6. Change “Guest” room to “Niles Study”, and move it
south 12 feet. It can be made smaller, 10′ square
or so, windows facing south. Place an exit out the
east side of study, with a ramp to allow rolling the telescope
out to pad.

7. Take former space occupied by Utility room and
turn it into (smaller) guest room. The bathroom does
not necessarily have to be attached to it, but if you
flip the current bathroom and the secondary entrance
hallway it should work.

Only 7 changes! That’s a lot better than the first time around. There is
hope yet…

The Ritter Block

The word going around is, my Dad’s Aunt Eunice has finally found some
prime samples of “Ritter Block”, which is a sort of concrete block that was
invented by my great-grandfather, George Ritter. George was in the concrete
and marble/tile business in Pinckneyville, Illinois, and his “Ritter Block” was
used in many buildings throughout that part of Illinois.

The plot had been hatched in my mind some time ago that a novel tribute to
my inventive ancestor would be to obtain one of his blocks and use it as a
cornerstone for the house we are building.

Here is an old picture of George Ritter with one of his other inventions, a
new jack for automobiles:

The Unbearable Lightness of Building

Slice-o-Life Department:

It was not my most ambitious meal, but I was really happy with the
way the sauce came out. After sauteing the onions and mushrooms
in butter, deglazing with white wine, then adding the fresh chopped
tarragon and vegetable stock, this formed the base of a subtle but aromatic
cream sauce for the pan-seared salmon steaks, resting on a bed of
mushroom risotto (with a little extra cognac to kick it up a notch).

And Gigi was just sitting there, absently poking at it with her fork.

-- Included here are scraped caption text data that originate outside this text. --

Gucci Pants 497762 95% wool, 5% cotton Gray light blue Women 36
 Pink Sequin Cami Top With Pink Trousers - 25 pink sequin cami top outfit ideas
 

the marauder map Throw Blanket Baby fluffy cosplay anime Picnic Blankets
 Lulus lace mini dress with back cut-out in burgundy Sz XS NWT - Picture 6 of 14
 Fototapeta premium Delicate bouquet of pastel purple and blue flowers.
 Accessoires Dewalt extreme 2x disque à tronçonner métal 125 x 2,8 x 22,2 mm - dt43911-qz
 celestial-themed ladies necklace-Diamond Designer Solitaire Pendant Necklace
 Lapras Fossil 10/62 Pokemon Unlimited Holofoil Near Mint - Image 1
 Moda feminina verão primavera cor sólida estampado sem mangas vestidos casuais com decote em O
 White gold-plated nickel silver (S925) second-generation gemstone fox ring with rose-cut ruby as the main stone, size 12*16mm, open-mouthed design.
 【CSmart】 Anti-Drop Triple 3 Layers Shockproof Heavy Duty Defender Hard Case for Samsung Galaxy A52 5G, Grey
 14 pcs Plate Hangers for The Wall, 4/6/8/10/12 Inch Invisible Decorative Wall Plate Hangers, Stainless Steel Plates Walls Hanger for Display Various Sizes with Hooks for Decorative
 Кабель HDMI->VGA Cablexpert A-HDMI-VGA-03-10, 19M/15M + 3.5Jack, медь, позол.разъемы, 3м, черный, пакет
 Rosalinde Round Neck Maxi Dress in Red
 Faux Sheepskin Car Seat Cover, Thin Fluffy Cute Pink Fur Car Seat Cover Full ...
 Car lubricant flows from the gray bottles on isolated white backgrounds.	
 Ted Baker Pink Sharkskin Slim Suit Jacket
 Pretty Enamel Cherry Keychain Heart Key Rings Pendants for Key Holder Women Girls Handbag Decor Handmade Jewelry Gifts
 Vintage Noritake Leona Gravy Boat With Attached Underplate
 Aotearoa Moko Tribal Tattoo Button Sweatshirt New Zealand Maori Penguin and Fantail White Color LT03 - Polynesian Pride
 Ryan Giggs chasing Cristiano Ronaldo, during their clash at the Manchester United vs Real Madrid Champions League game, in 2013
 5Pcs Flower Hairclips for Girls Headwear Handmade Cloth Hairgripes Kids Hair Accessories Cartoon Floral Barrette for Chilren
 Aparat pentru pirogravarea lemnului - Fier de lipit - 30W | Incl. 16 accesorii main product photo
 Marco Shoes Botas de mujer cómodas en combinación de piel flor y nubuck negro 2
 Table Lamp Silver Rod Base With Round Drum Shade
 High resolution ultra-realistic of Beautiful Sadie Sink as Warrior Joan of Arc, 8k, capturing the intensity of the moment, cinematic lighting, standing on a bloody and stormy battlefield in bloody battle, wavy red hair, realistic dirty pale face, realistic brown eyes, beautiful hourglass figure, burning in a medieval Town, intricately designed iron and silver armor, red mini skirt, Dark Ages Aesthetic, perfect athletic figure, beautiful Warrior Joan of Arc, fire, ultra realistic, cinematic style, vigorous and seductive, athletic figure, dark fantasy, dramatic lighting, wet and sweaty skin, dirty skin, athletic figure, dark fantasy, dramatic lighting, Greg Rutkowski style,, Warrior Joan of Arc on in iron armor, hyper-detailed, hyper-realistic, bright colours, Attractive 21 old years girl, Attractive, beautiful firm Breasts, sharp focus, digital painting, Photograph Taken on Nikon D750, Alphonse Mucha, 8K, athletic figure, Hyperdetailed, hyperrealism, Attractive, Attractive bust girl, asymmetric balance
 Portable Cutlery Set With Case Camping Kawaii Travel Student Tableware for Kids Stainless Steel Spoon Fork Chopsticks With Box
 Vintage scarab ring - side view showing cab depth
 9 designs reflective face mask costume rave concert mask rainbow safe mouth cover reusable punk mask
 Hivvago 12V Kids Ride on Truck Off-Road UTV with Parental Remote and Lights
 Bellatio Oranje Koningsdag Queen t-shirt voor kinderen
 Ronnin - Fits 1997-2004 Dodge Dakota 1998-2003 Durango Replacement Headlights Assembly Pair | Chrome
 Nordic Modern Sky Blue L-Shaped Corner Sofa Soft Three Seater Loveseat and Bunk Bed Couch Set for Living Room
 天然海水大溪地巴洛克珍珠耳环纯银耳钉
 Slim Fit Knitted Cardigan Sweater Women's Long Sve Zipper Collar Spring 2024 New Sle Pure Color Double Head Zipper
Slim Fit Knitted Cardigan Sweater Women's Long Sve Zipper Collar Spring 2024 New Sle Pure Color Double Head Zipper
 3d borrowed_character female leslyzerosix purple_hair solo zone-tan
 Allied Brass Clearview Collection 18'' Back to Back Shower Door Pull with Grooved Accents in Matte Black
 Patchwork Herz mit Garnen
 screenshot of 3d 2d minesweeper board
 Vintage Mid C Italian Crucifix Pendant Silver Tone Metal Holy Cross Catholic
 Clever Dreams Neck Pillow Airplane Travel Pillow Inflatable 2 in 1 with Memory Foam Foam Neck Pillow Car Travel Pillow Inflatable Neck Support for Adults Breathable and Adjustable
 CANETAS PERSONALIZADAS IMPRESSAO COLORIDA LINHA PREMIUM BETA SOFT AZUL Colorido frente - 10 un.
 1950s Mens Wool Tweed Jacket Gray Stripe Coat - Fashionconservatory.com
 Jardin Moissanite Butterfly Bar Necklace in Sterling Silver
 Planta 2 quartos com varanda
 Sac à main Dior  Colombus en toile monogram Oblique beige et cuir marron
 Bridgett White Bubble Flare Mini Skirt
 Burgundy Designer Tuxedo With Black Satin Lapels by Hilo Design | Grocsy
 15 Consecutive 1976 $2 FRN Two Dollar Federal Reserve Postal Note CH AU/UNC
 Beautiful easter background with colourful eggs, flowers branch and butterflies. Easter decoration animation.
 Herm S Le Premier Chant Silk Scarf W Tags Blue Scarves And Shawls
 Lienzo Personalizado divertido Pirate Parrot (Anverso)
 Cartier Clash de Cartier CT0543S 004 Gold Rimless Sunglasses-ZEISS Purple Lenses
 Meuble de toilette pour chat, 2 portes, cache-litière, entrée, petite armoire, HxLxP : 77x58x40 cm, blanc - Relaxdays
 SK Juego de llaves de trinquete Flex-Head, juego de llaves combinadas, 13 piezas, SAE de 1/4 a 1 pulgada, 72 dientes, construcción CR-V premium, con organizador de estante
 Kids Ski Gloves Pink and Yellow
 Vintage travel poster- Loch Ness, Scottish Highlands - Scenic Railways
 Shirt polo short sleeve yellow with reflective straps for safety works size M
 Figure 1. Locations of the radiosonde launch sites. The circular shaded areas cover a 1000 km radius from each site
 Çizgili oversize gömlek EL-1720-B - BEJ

This was right out of a gender-bent 50’s melodrama. I was ready to stand up, rip
the metaphorical apron off and plaintively wail in a fake Cary Grant accent,
“dahling, where has the magic gone ?”

It turns out that

  1. The fish had bones in it (of which she has been scared since Julie swallowed one years ago).
  2. She was thinking about how to completely re-arrange all the rooms in the house design
    to solve some long-standing issues with the current plan.

Good news all around. I had not known about issue #1, but I thought I was the only one waking
up at 3am with brooding thoughts about loft design, light, stone vs. wood, and
soils compaction tests.

The only trouble is, her ideas mean going back a few steps and redoing part of the process I
thought we had finished with. Frustrating. But I have to admit, they open up ways to make
the overall plan cleaner and simpler, with a smaller footprint, but more interesting internal
design and structure that comes closer to what we had in mind originally. Stay tuned.

Next time, I’ll be sure to get the fish filets without the bones in them.

Floorplan Version 2.0

Here is a snapshot of our latest floorplan (click to enlarge):

You can also download the scalable PDF version here.

You will notice that most of our change requests were implemented. In addition, the
observatory was redesigned as a circular platform, and moved away from the main house to
avoid the line-of-sight interference and thermal effects that interfere with astro-photography.
When the telescope is not up, it can double as a picnic area or gazebo.

Sketch of Roof brim and Railing

Here is a sketch of one possible way to implement the leading edge “brim” of the
roof that can be deployed or retracted depending on the amount of shade
and the angle of the sun:

There is also a sketch of some build-in seats that could be put on the inside edges of
some of the columns on the deck. The railing can have small concrete posts that
match the columns in shape, though perhaps flipped or made symmetrical. I see these
railings as being low, about 2-3 feet.